Just to support your theory.
There was a lot made of the trip that Alan Moffat made to America with two XA two door GTs. This was reported by the local papers and I believe it was fuel for the anti high performance media of the time.
These were supposed to be the ultimate of the evolution of the 351 ci engine.
These cars were listed as achieving 160 mph on an oval curcit. This is a figure that I believe to be the ultimate that could have been achieved with the barn door type of styling and with out any wind tunnel work to speak of.
I cannot remember the exact year but it would have been early seventies.
Noel.
 
Using the Doug McMillan HondATA formula published in NZ Performance Car in 1997, the power consumption for speed figures are based on this 9 or ten input formula.
A cd ( co-efficient of drag )
B Frontal area ( 10.76 x m² = sq ft)
C Vmax³ (maximum speed^3)
D Drive train loss (excluding tire drag, I used 1.27 in this case)
E Air density Correction

For aero drag , that's

(cd*FA *mph*mph*mph * 1.27)
Divided by 147733

Then add tire loss

F Average tire width in mm of one tire.
G Dressed weight of car with driver in Pounds
H Vmax ( this time, not cubed)
J Tire load factor ( always 8)
K Friction divisor for Asphaltic Cement
The rolling resistance HP loss is

(mm*lb*mph*8)
divided by 60185866

Add the two together, that's peak HP for any given V Max

For Alan Moffats Race 1973 XB Falcon Hardtop tested at Michigan a performance testing site, 160 mph requires 409.02 hp Net to overcome aero drag and + 20.00 flywheel hp net to overcome rolling resistance. That's 429.02 hp net to do 160 mph.

See

For 170 mph, the same car would need 490.60 + 21.26 hp net, or 511.26 hp. Elsewhere, I calculated that it takes 505.6 hp for a XA GT 351 to do 170 mph, and just 264.2 hp to do 140 mph.

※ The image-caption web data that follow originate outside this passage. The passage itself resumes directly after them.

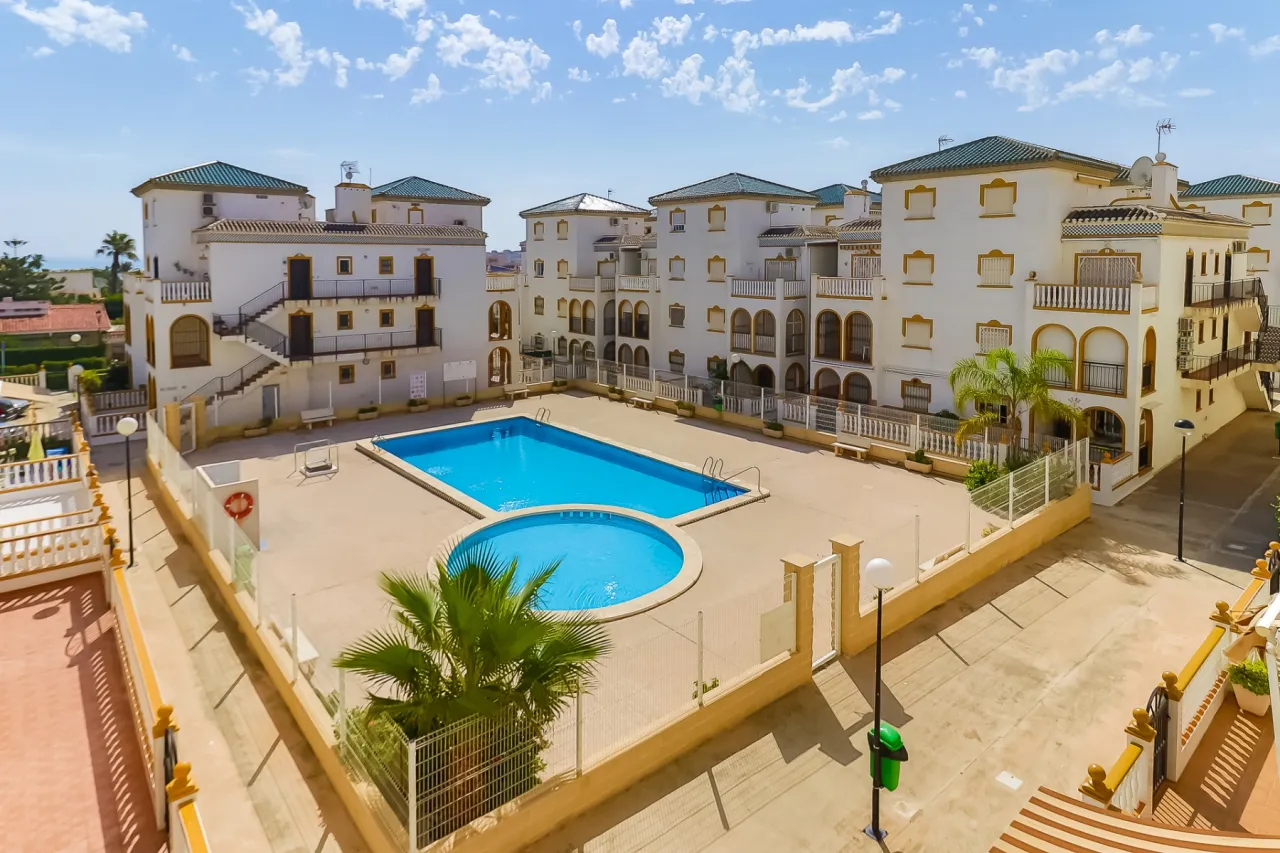 Dzīvoklis / bungalo — Torrevieja – Molino Blanco, foto 1 no 15
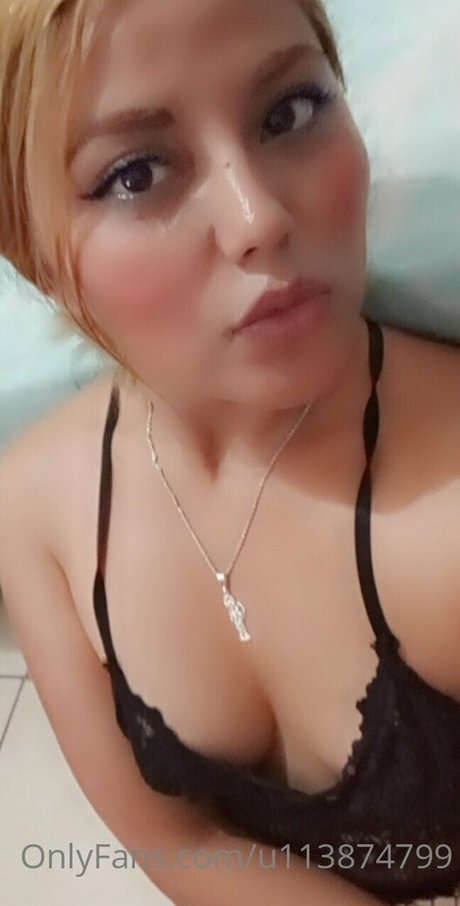 Itzel Loera ポルノスター HD 写真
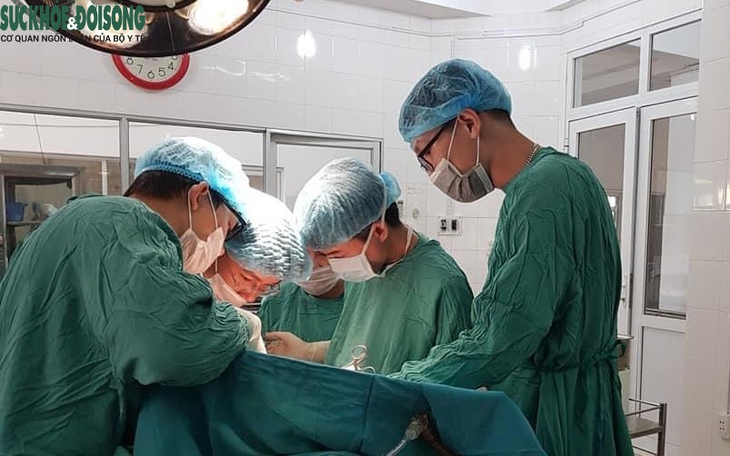 Tạo hình thành công dương vật cho người đàn ông bị vợ cắt - Ảnh 1.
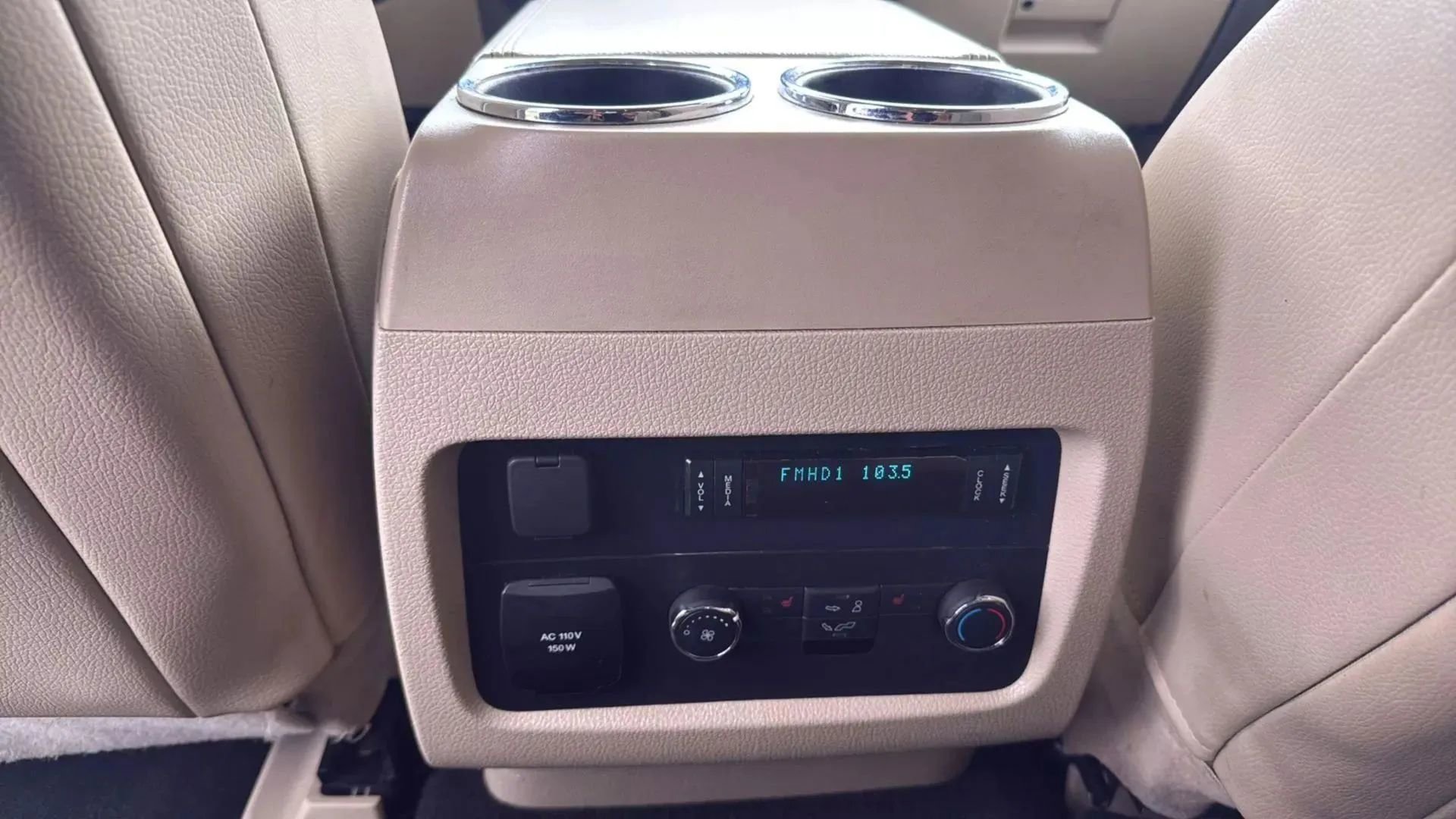 Used 2017 Ford Expedition Limited image 29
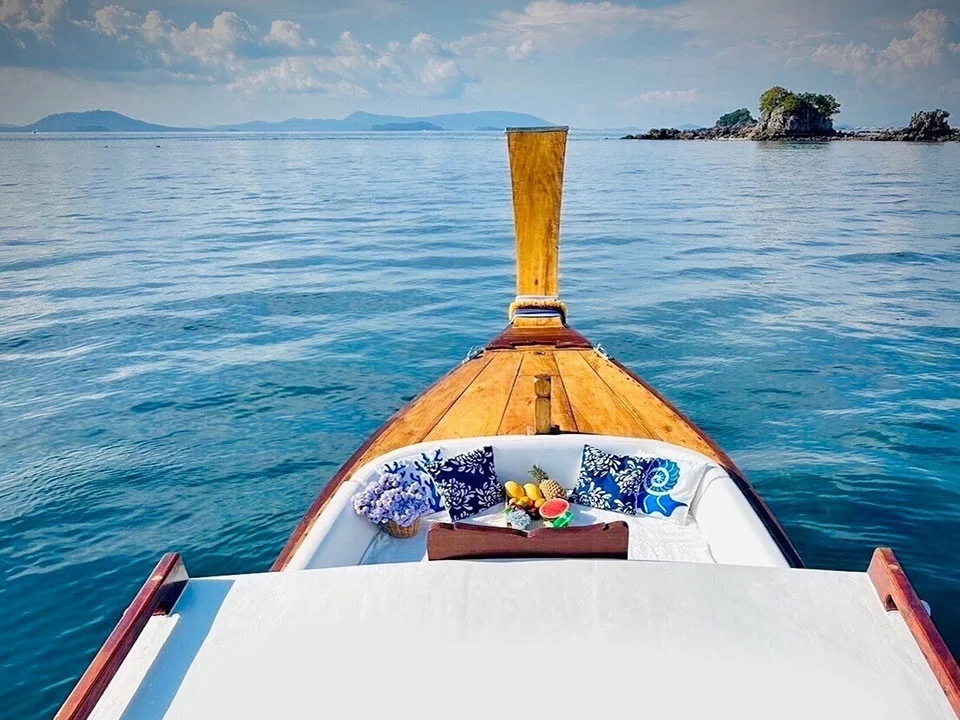 ภูเก็ต-เหมาลำ-เรือหัวโทง-เรือไม้หรู-เรือหางยาวมีพร็อพ-Luxury-Boat-6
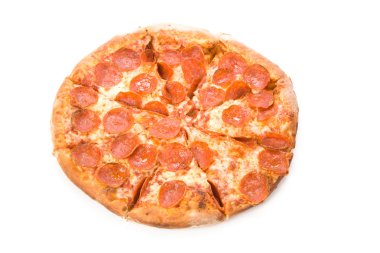 Peynirli ve sosisli pizza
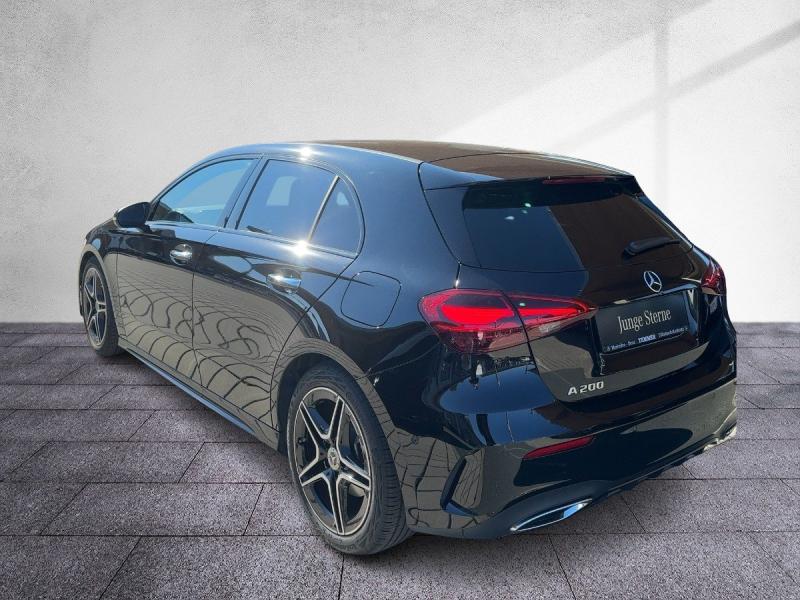 MERCEDES-BENZ A 200 AMG Line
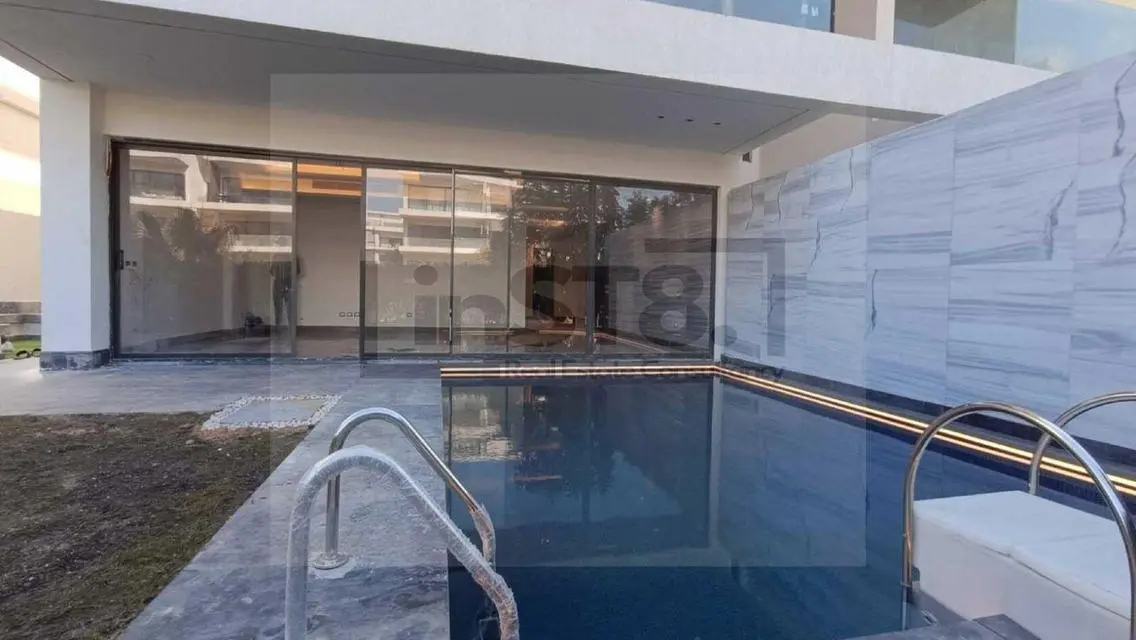 Stunning Villa for Sale in ST81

At 153 mph, the top speed the XA Phase IV did, 371.5 hp net at the flywheel at the 6150 rpm rev limiter on ER60 15 tyres. It's not just drag factor and frontal area from aerodynamics, it's rolling resistance, drive train, and air density. This is how we know the Phase IV had at least 20 hp more than the Phase III, because 144 mph ( the highest speed Mel Nicholls saw) required 311.4 hp net in an XY GTHO Phase III , which, with 350 hp net could have done 149.9 mph with a set of 3.00:1 gears.

Figures from Hondatas LSR road load calculator, which uses the same formula Doug Mc Millan published in his 1997 Land Speed Record article when he took the 155mph 97 cubic in New Zealand Land Speech Record in my Provence.